TASK PROMPT: For the data below, transcribe the part that opens with the line containing "Good morning, I" and closes with the line containing "The second type", exactly and with no pictures.

INFORMATION PROVIDED:

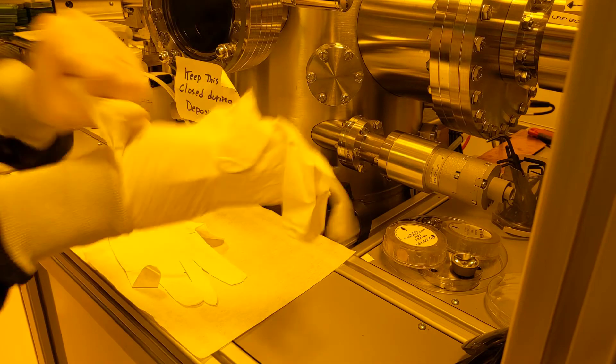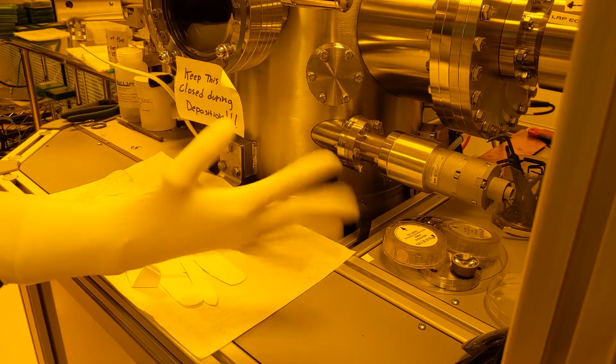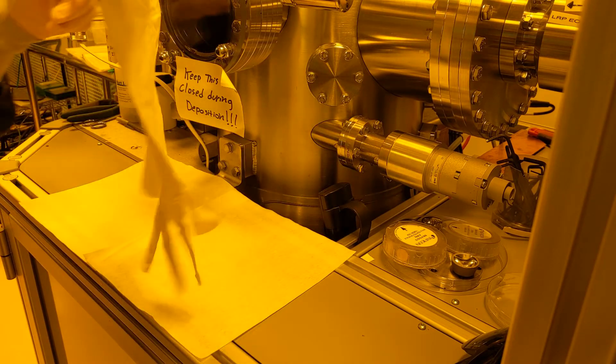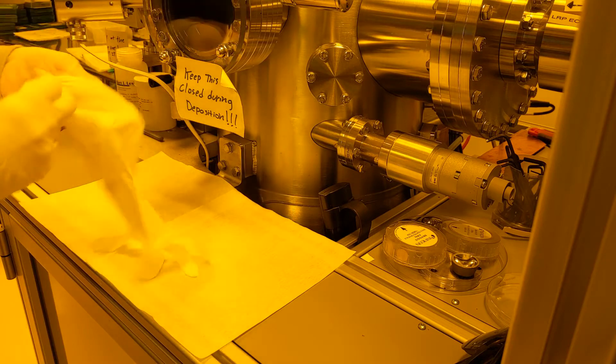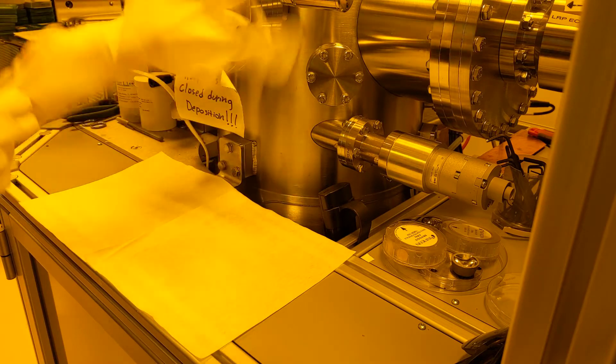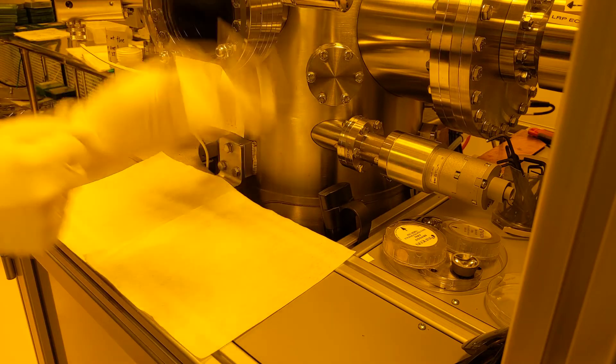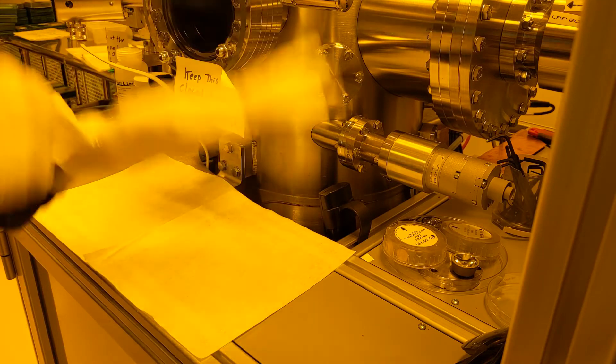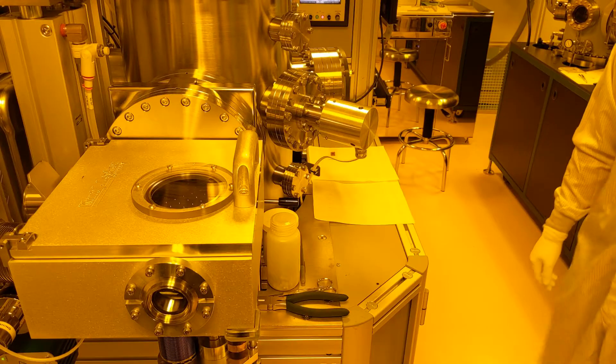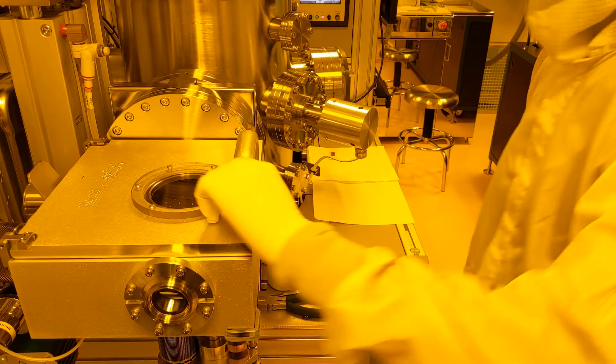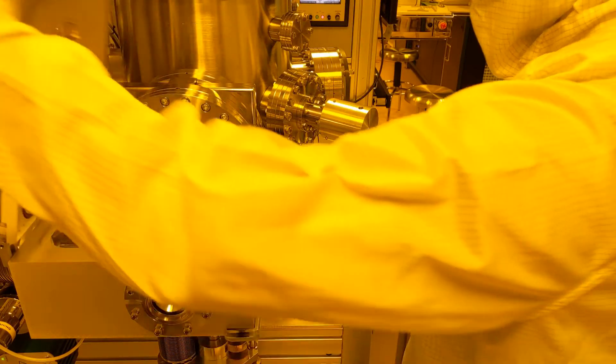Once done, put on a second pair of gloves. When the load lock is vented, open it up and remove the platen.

...

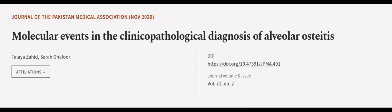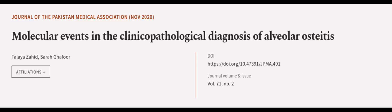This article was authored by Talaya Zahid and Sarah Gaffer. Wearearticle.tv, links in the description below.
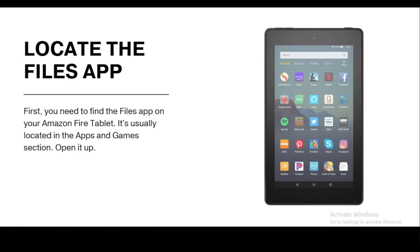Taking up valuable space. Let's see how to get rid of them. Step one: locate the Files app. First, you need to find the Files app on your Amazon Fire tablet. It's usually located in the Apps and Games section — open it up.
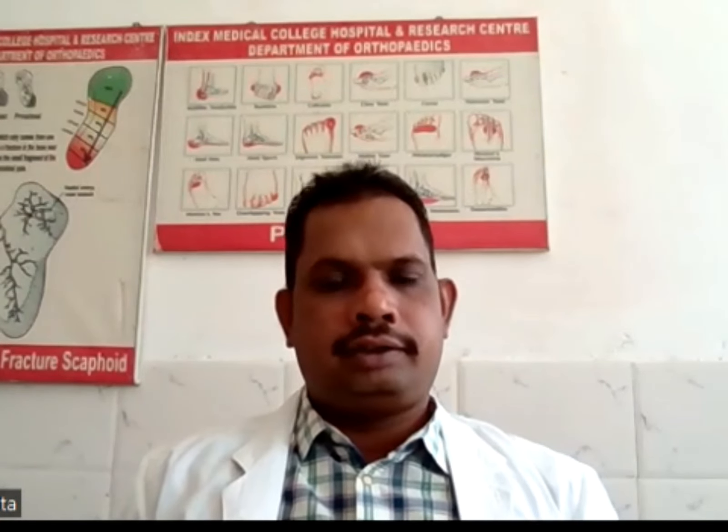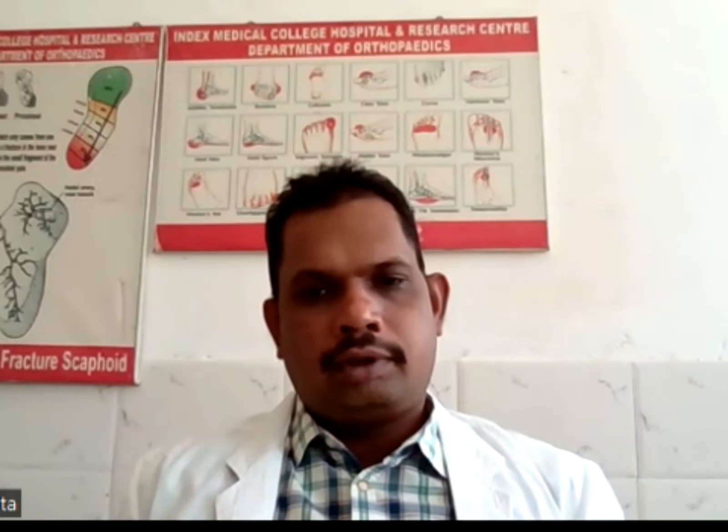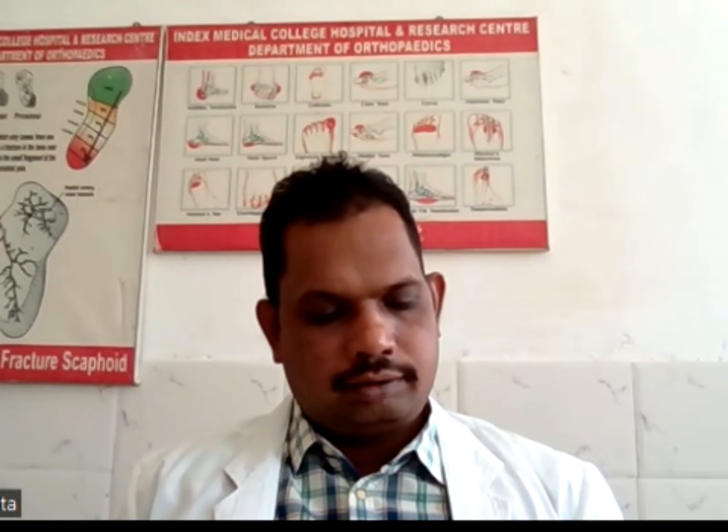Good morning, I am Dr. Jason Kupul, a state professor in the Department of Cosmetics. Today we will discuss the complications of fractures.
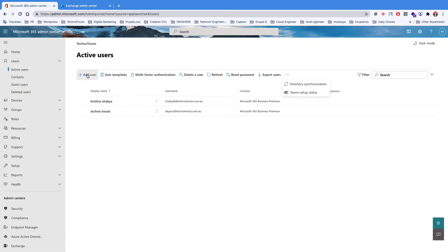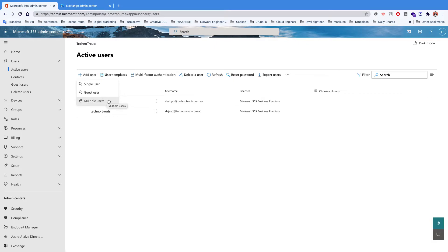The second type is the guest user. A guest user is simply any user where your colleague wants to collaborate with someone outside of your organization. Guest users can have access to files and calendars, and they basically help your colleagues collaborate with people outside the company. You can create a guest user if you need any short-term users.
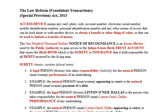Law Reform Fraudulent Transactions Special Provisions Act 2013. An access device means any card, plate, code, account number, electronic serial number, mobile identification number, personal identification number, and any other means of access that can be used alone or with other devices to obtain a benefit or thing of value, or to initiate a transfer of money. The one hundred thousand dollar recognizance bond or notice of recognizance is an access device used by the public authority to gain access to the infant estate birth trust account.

WRITTEN SOLUTION:
Good morning, I am Dr. Jason Kupul, a state professor in the Department of Cosmetics. Today we will discuss the complications of fractures.
The second type is the guest user. A guest user is simply any user where your colleague wants to collaborate with someone outside of your organization. Guest users can have access to files and calendars, and they basically help your colleagues collaborate with people outside the company. You can create a guest user if you need any short-term users.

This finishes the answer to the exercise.